The soldiers pointed a gun at Mr Zoltowksi's chest.
'What are you hiding behind your back?' one of the soldiers yelled.
'Nothing,' replied Mr Zoltowski, an art student from Fulham, London. 'I'm holding up my trousers.'
Some of the soldiers turned their attention to Mr Zoltowski's girlfriend, Simone Wilkinson from Essex, in bed with a sheet wrapped around her. 'Who is this woman? Is she naked? Why? And why is she smoking?'
Eventually, after stealing a few items from the houseboat, the soldiers vanished into the willows beside the lake, leaving the two Britons shaken but unharmed.
Mr Zoltowski and Ms Wilkinson were lucky. Had they been Kashmiris things could have ended differently. In trying to crush a five-year revolt in this north-western Himalayan corner, the Indian security forces have killed more than 7,500 Kashmiris. Indian forces have not succeeded in halting the rebellion, only in intensifying the Kashmiris' hatred against them.
The Dar family lived behind the canals of old Srinagar. There had been sniper fire by Kashmiri guerrillas earlier on 1 August, and when Sub-inspector Ajmer Singh of the Border Security Force emerged from his bunker, he glimpsed a flash of movement in a doorway.
Armed with a semi-automatic rifle, he kicked in the door. He shot eight- year-old Hilal Ahmed Dar three times. When the boy's parents came running downstairs, he shot them, too. A neighbour said that the officer turned to his comrades and held up three fingers. 'Three]' he exulted. 'I killed three of them]'
In fact, he had not killed the boy. Wounded in the neck, shoulder and leg, the boy lay bleeding in the doorway. He cried for water. 'I tried to help him,' said Hilal's grandfather, Ghulam, 'but they forced me away.'
When news of this barbarity spread through Srinagar, the Kashmiri capital, thousands of people roared through the streets, hurling stones and tearing open their shirts, taunting the Indian soldiers to shoot them. Too often, the soldiers obliged. Six people died and another 200 were injured. Rarely are Indian security forces punished for atrocities, but this time, pressure was too great. Sub-inspector Singh was arrested.
As India celebrated its 46th year of independence from Britain yesterday, one Kashmiri asked me: 'What have we gained?
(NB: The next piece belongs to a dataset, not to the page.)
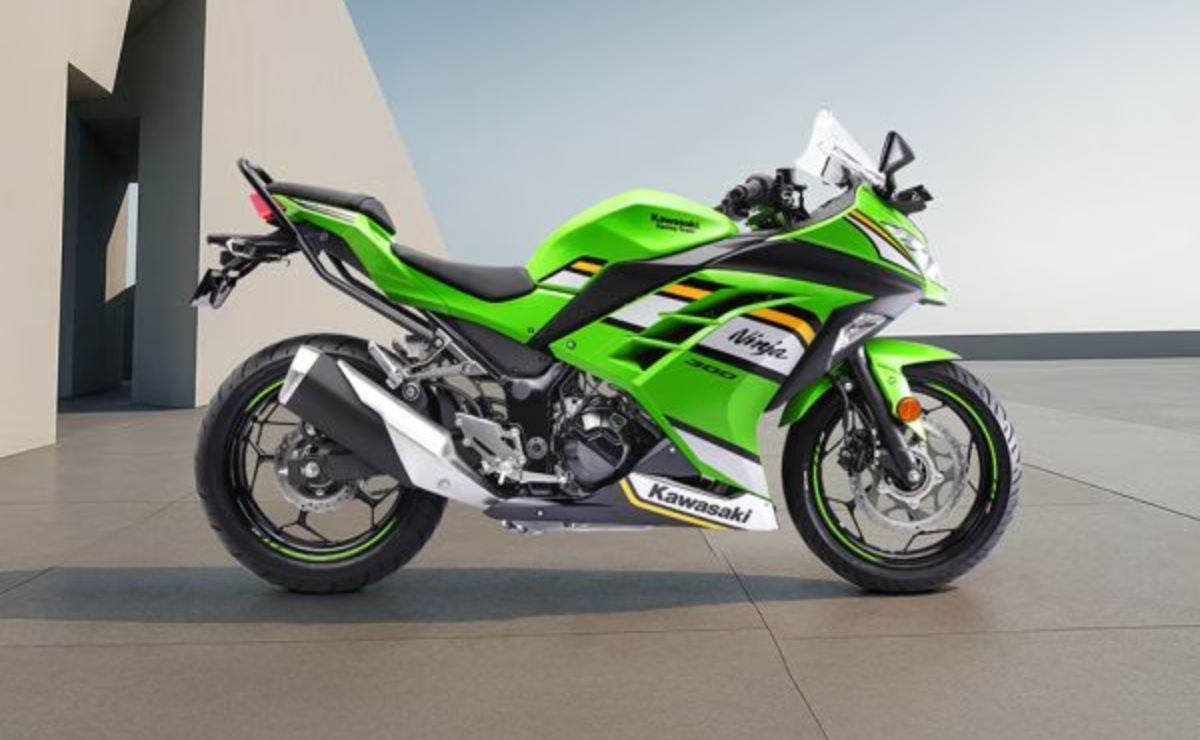 Kawasaki Ninja 300 2025: cómo es la versión más nueva de la deportiva japonesa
The Englishmen were never as bad as this.' It was a sentiment echoed often, in rooms crowded with sullen mourners and even whispered among top-level Kashmiris within the Indian bureaucracy.
At the time of Britain's partition of India and Pakistan in 1947, Kashmir's Hindu maharajah sided with India, even though a majority of his subjects were Muslims, as are the Pakistanis. Pakistan and India have gone to war repeatedly over Kashmir, and the dispute still poisons their relations. Some fear both countries may use the nuclear arsenals they are said to possess over Kashmir. The militant groups are divided into those who want an autonomy and others, covertly armed by Islamabad, who want to become part of Pakistan.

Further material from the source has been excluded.